# hobby/craft/art stores & incorporating fabric into hardbaits



## pizza (Apr 4, 2008)

There are 4 hobby type stores very close to each other near 161 and Sawmill Road in Columbus. Hobbyland, Dick Blick's, Michaels, and Hobby Lobby. I was pretty good and only bought a few things. Some 1/32" and 1/16" thick balsa strips, some bronze glitter (Martha Stewart brand lol), some bronze and silver rattle cans, a couple 1/8th of a yard things of fabric mesh for trying scale patterns, some other fabric that has silver sequins that I'm going to try to use on the sides of my baits, and some "filigree angel wings" (doll accessories) that I'm gonna use for stenciling spots. There was so much more I wanted to get - lots of ideas walking through the isles. Now I just need to find some lexan for lips. Hobbyland had 0.030" thickness lexan which seems a little too thin for bass cranks...may work well for ultralight cranks though.

Anyone ever incorporate fabric into their baits?

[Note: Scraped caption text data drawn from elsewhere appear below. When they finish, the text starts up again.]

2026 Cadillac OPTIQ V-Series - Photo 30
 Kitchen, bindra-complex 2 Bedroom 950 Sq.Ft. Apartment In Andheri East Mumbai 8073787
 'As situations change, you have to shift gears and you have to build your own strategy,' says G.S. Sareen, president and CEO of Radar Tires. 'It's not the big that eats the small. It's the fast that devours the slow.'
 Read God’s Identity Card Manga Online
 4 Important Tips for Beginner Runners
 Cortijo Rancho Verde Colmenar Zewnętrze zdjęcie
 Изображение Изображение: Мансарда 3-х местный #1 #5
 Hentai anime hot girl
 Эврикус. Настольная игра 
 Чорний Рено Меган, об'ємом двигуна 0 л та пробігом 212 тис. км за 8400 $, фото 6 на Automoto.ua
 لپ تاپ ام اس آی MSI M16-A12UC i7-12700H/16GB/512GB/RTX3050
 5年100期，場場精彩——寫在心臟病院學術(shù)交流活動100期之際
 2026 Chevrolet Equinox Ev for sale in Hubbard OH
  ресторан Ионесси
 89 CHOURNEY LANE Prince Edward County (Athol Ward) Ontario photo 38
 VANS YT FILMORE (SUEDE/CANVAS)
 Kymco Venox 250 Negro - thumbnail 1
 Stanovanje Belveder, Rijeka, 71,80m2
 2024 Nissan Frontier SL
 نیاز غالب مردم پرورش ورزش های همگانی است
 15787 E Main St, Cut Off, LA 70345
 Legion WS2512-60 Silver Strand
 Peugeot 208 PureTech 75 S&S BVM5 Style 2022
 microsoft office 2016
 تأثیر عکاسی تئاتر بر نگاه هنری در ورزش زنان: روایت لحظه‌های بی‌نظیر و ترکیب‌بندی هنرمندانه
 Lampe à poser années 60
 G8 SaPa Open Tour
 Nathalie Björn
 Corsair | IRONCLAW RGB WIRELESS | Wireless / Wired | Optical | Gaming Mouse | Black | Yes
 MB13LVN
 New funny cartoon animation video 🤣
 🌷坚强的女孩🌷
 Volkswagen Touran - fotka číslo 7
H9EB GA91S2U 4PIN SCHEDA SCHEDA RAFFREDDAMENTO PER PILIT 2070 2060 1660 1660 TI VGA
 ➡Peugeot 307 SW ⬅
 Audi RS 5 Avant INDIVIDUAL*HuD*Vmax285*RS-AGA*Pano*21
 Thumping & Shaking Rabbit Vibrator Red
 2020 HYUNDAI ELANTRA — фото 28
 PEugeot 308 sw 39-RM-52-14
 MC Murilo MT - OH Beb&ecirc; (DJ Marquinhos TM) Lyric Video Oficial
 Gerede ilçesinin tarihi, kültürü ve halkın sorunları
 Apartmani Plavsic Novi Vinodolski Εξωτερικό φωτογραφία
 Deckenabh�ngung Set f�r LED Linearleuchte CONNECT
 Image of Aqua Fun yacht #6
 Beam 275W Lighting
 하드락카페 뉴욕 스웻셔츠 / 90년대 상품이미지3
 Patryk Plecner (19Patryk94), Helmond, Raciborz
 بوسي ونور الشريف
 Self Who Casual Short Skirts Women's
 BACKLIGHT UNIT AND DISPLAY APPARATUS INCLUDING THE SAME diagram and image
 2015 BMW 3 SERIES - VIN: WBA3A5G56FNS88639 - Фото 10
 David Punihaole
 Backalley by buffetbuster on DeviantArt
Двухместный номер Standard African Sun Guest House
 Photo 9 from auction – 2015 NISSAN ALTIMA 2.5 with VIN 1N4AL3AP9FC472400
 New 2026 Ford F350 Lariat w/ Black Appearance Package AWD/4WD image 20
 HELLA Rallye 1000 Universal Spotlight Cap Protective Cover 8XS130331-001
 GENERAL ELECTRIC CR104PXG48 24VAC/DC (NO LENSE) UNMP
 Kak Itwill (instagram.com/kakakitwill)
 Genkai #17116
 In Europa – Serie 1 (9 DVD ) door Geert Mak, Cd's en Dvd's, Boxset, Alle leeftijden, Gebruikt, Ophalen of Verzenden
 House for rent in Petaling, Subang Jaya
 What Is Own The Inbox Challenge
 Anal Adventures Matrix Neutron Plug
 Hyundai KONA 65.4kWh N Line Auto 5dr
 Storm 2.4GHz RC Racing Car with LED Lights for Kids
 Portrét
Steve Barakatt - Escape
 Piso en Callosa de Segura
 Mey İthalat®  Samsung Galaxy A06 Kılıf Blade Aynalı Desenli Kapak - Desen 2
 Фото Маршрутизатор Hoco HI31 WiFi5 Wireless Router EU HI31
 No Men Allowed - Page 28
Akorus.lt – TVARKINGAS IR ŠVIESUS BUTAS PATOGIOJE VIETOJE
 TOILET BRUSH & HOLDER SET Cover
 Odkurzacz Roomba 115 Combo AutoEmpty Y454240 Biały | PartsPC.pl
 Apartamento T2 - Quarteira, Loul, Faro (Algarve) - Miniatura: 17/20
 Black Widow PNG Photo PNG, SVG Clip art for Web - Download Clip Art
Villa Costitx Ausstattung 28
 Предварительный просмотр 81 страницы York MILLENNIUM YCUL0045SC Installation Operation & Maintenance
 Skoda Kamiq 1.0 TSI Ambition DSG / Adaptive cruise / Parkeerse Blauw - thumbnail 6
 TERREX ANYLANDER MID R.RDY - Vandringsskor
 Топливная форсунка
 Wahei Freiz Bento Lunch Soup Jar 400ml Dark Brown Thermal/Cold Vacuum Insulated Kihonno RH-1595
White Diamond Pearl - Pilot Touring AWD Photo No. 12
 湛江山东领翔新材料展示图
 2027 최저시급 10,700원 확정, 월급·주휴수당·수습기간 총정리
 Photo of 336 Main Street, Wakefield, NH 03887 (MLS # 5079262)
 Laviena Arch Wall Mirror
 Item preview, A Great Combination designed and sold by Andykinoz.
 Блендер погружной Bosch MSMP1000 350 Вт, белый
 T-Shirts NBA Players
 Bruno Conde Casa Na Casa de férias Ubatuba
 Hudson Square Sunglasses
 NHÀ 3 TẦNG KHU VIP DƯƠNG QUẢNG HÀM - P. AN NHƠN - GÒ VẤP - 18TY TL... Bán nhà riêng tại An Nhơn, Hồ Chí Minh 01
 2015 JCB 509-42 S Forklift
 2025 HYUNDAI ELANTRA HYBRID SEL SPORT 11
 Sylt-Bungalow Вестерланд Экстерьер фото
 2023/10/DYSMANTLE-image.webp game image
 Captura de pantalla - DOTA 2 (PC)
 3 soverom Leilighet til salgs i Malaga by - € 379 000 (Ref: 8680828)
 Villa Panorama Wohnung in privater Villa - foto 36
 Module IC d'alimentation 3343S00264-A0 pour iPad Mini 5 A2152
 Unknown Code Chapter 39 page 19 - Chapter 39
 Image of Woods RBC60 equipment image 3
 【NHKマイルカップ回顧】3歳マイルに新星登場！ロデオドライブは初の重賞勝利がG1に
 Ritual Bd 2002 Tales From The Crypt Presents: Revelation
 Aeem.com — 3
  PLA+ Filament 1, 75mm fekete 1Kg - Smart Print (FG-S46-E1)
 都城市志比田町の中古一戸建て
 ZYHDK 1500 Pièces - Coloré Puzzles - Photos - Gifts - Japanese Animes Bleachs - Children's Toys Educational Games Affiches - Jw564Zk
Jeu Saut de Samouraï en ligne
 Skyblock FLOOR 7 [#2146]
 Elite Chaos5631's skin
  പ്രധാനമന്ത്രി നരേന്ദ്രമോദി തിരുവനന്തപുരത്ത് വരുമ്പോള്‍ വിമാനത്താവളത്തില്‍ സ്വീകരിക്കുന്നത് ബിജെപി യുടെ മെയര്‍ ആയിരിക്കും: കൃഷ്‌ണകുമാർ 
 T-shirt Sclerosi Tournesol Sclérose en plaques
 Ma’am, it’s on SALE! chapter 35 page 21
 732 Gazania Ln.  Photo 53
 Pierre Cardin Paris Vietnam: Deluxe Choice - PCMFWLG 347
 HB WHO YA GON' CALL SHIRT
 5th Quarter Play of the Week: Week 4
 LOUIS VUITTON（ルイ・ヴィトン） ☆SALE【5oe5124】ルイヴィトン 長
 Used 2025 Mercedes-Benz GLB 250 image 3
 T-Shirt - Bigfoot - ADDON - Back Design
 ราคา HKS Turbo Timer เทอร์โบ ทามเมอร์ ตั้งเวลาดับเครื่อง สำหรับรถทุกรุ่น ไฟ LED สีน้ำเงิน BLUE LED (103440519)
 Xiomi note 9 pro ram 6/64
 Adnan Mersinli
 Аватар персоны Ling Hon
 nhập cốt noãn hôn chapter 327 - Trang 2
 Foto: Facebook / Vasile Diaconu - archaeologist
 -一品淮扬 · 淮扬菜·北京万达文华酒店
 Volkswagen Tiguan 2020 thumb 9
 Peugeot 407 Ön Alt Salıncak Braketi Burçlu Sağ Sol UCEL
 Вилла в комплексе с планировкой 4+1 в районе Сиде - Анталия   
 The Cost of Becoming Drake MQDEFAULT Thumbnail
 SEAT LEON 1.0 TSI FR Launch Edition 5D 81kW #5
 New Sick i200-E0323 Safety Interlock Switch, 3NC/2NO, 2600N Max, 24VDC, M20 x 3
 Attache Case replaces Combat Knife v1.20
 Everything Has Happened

How is it best done? What about cross-ply fiberglass -the kind used for body work repair on cars?

I'm thinking I can just use a glue stick (spray glue if that doesn't work)to glue it on but am not sure how well the D2T epoxy will take to it. I'd rather use just 1 coat.

thanks.


----------



## hazmail (Oct 26, 2007)

Pizza - I found some 'Sari' cloth a few years ago, and glued it on (contact glue) a few 2" lures - I never coated it as it would have doubled the weight of the lure.
The cloth had sequins all over it and was a darker blue/green color, caught a few trout with them trolling too. I could get a picture if you need one. pete


----------